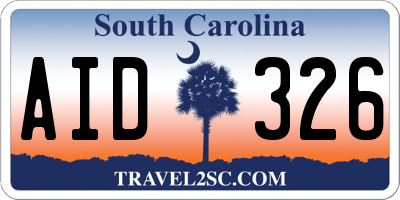 SC license plate AID326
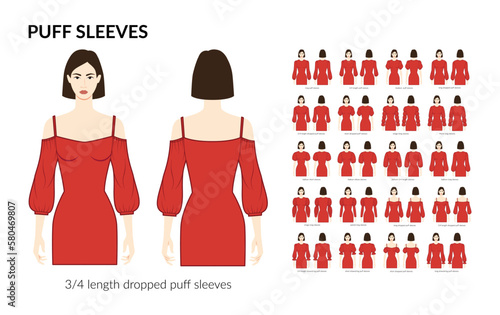 Set of Puff sleeves clothes dropped, baloon, virago, Marie, paned, drawstring technical fashion illustration with fitted body. Flat apparel template front, back sides. Women, men unisex CAD mockup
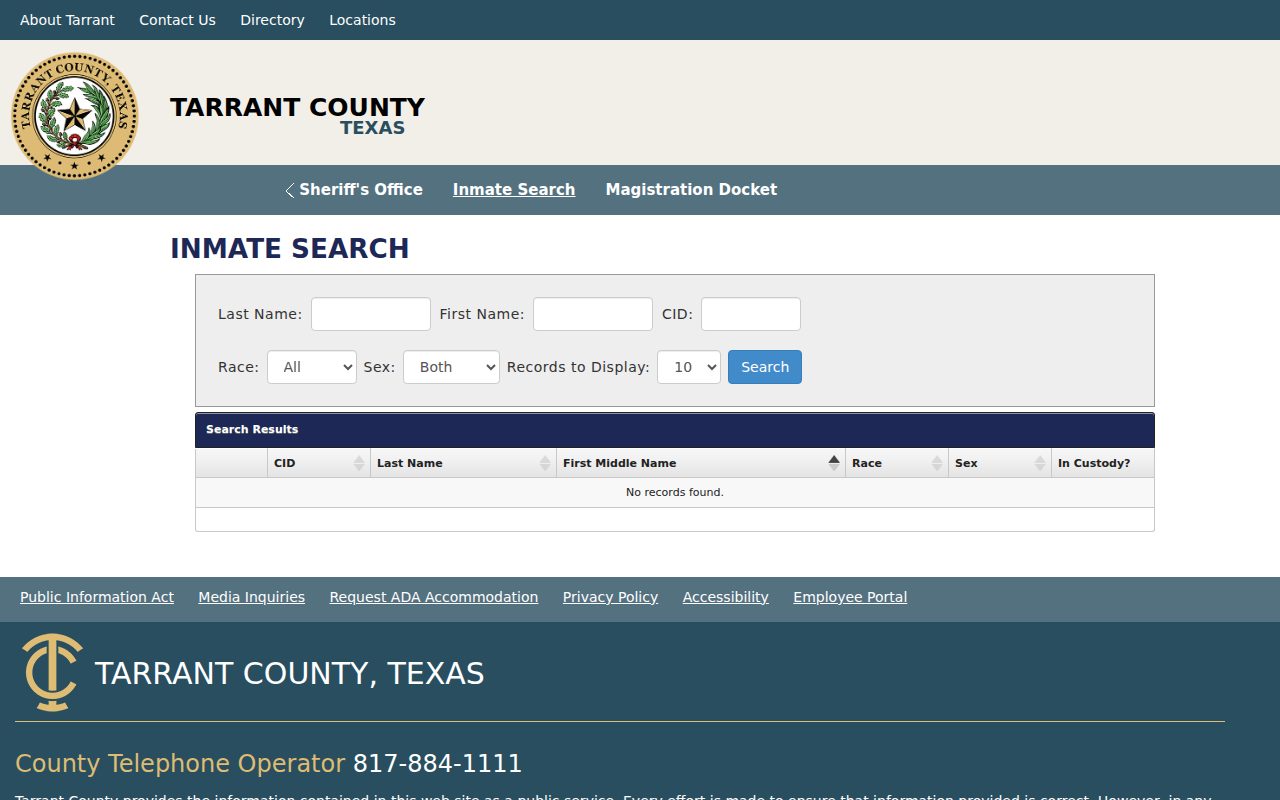 Tarrant County Inmate Search (official) screenshot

* [TASK GOAL]
Everything from the line containing "Set of Puff" to the final line of the listing above, both ends included, should be transcribed word for word, except for the pictures.

* [RESPONSE FOR THIS EXERCISE]
 Set of Puff sleeves clothes dropped, baloon, virago, Marie, paned, drawstring technical fashion illustration with fitted body. Flat apparel template front, back sides. Women, men unisex CAD mockup
 Tarrant County Inmate Search (official) screenshot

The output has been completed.